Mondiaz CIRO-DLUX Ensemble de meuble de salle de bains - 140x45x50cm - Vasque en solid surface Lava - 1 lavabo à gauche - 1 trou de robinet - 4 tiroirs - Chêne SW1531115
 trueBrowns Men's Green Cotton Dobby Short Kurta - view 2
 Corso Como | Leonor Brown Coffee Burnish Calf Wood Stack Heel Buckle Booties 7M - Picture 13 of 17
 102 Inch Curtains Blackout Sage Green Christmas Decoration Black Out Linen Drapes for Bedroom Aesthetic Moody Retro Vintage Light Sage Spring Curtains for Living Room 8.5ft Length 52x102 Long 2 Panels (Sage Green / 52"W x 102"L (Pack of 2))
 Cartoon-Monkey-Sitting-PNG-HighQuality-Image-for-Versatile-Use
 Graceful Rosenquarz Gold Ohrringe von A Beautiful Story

THE PROBLEM: Each line from the one containing "102 Inch Curtains" to the end of the records should be echoed exactly, and no other line.

ANSWER SPACE:
 102 Inch Curtains Blackout Sage Green Christmas Decoration Black Out Linen Drapes for Bedroom Aesthetic Moody Retro Vintage Light Sage Spring Curtains for Living Room 8.5ft Length 52x102 Long 2 Panels (Sage Green / 52"W x 102"L (Pack of 2))
 Cartoon-Monkey-Sitting-PNG-HighQuality-Image-for-Versatile-Use
 Graceful Rosenquarz Gold Ohrringe von A Beautiful Story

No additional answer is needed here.